• EXCERPTED DATA:
------------------------------------------------------------------------

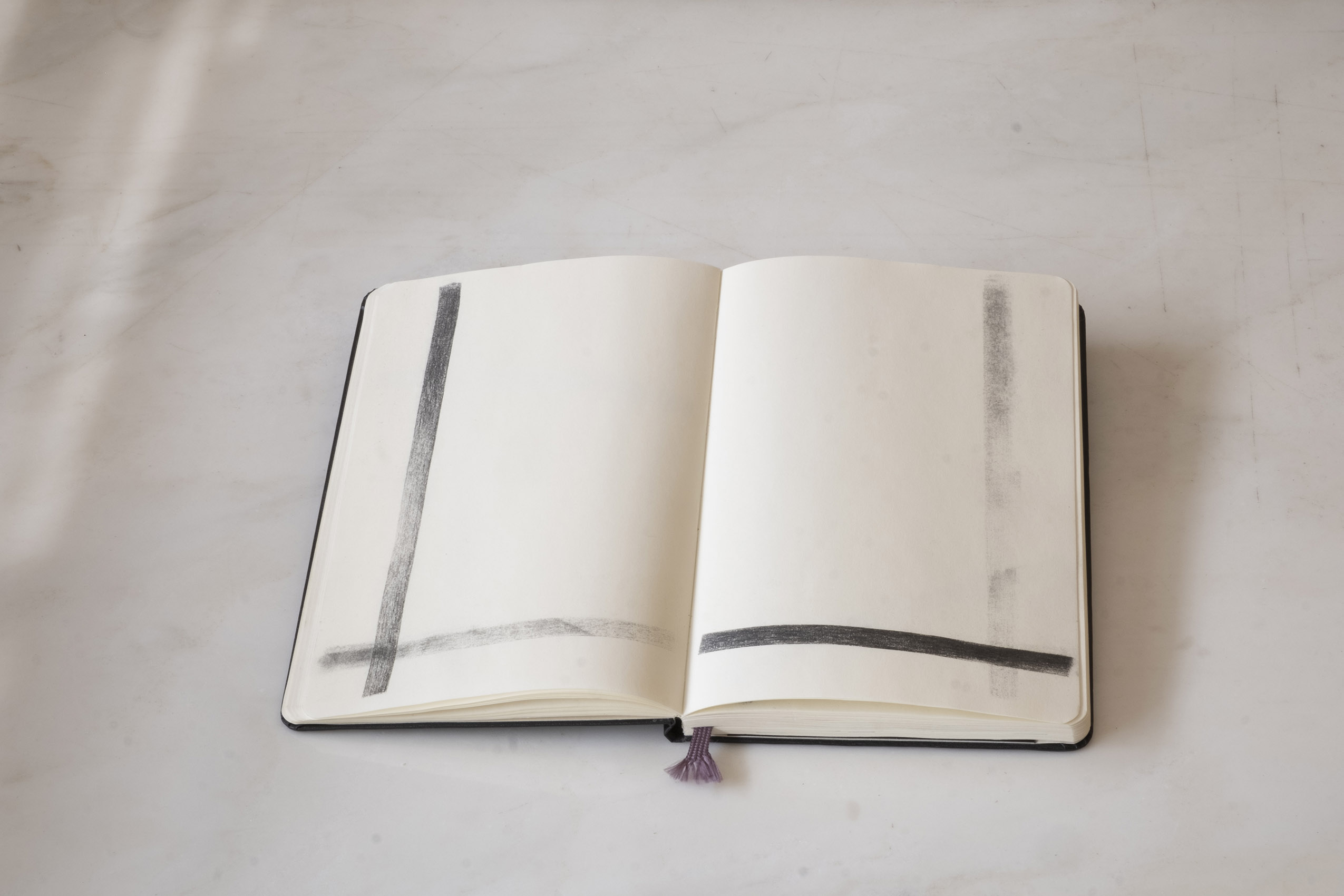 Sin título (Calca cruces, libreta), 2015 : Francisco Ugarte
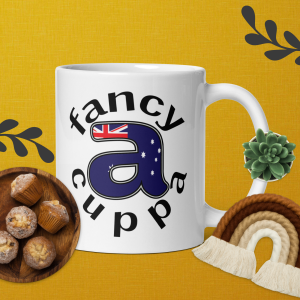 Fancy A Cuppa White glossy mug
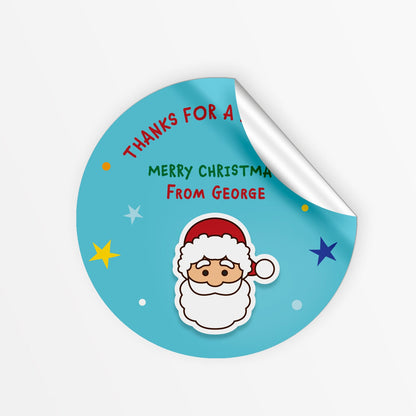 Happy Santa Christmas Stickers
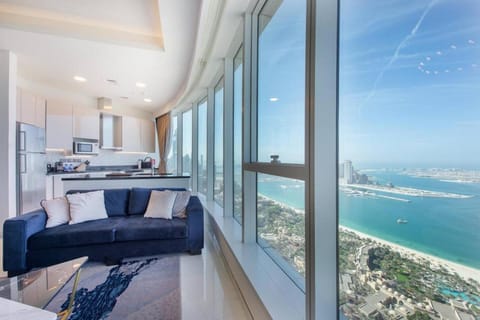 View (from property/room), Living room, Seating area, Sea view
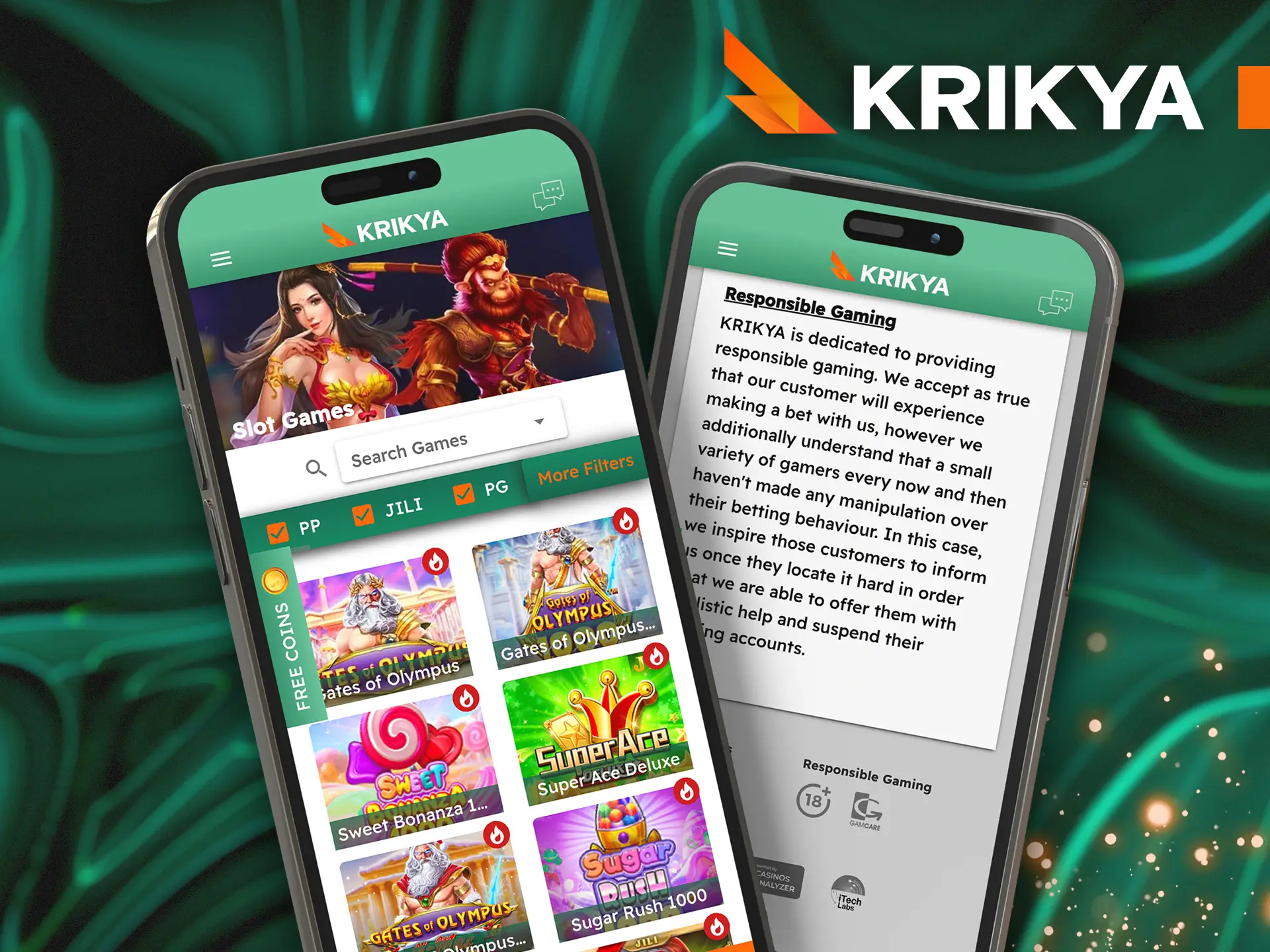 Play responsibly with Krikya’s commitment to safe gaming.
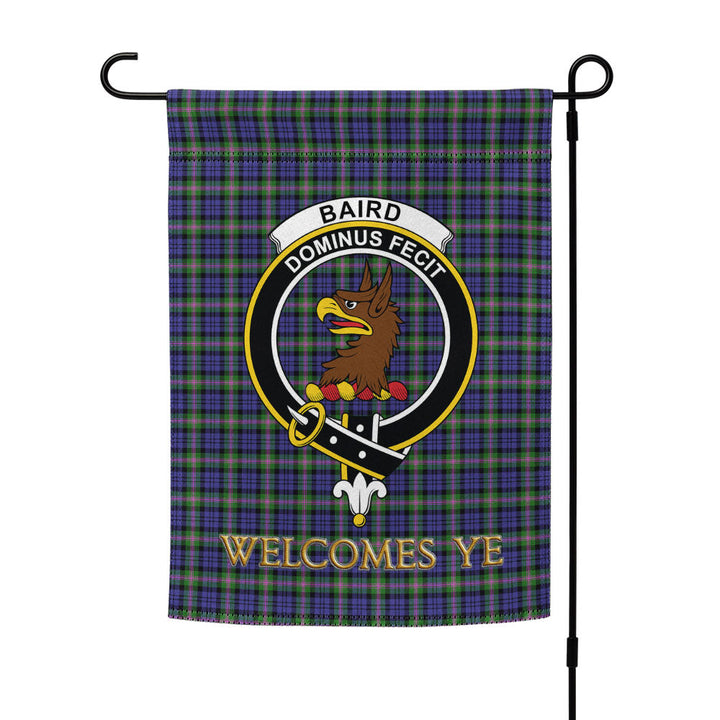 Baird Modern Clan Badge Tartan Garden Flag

------------------------------------------------------------------------

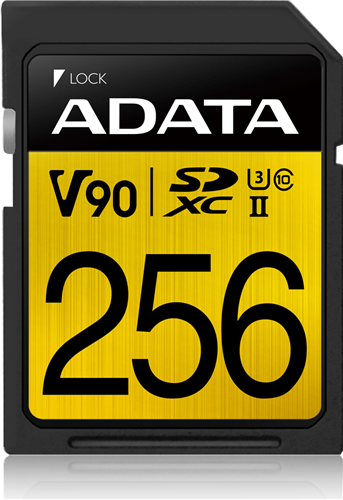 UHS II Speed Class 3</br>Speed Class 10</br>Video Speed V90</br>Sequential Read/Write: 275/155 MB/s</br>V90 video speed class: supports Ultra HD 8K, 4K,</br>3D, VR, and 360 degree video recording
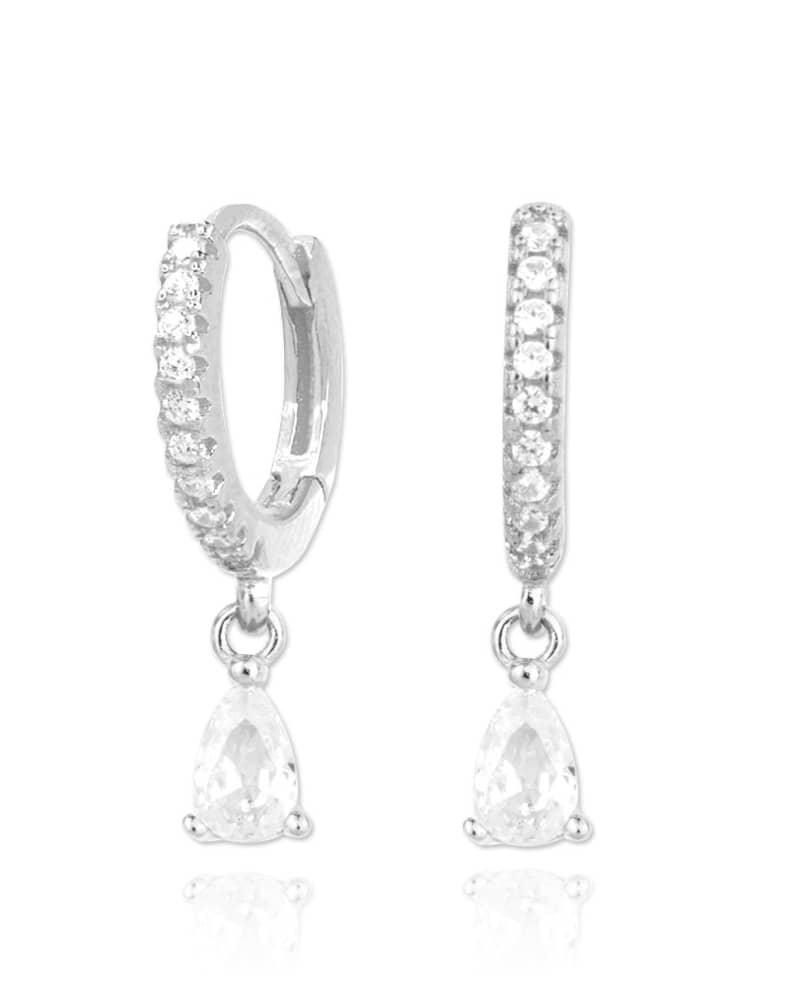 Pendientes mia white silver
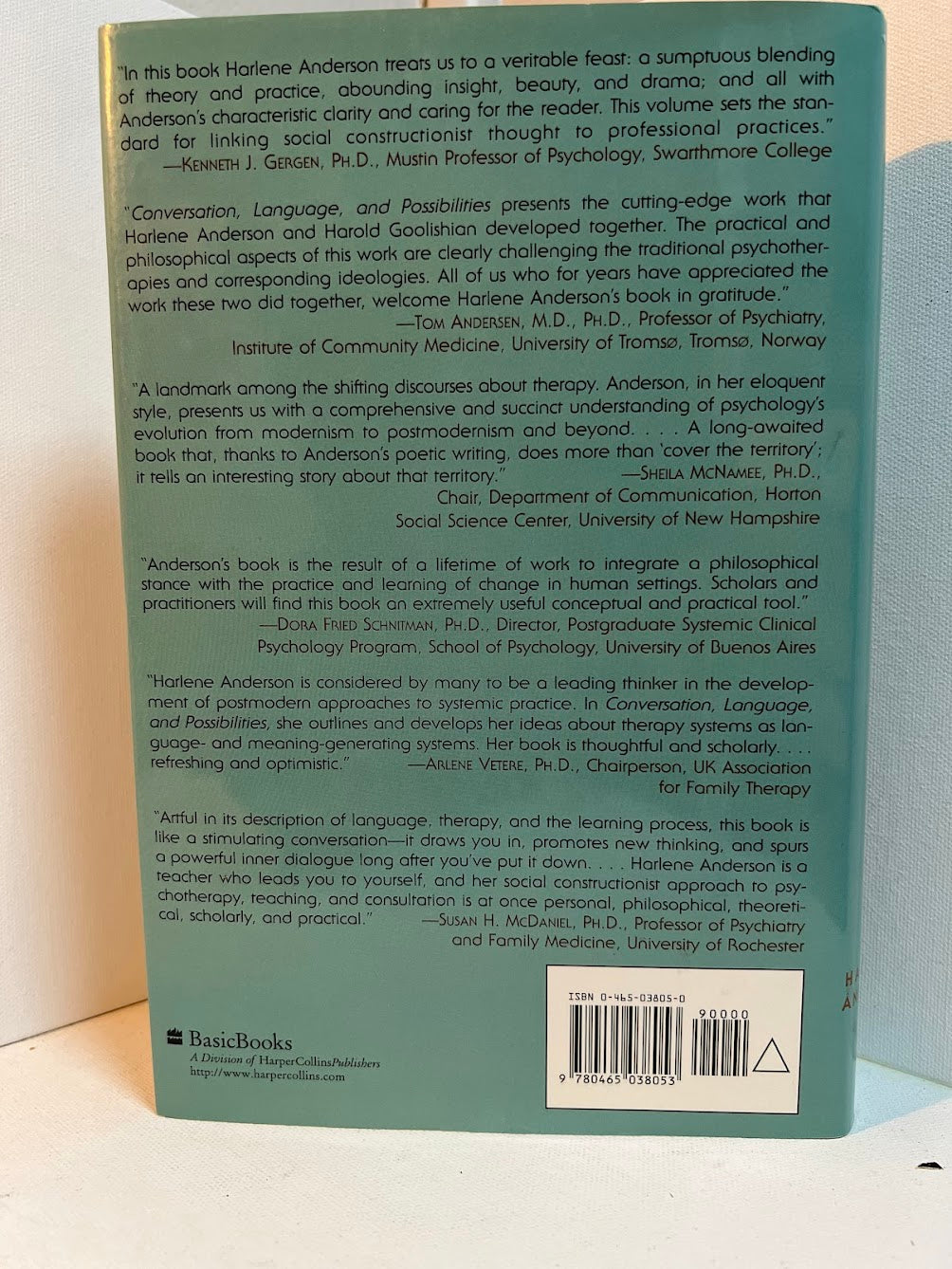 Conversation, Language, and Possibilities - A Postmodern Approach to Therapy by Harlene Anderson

------------------------------------------------------------------------

• WHAT IS NEEDED: Only the lines starting at the one with "Sin título (Calca" and ending at the one with "Baird Modern Clan Badge Tartan Garden Flag" should be printed, each exactly as it appears in the material above; the pictures are to be omitted.

• TASK OUTPUT:
 Sin título (Calca cruces, libreta), 2015 : Francisco Ugarte
 Fancy A Cuppa White glossy mug
 Happy Santa Christmas Stickers
 View (from property/room), Living room, Seating area, Sea view
 Play responsibly with Krikya’s commitment to safe gaming.
 Baird Modern Clan Badge Tartan Garden Flag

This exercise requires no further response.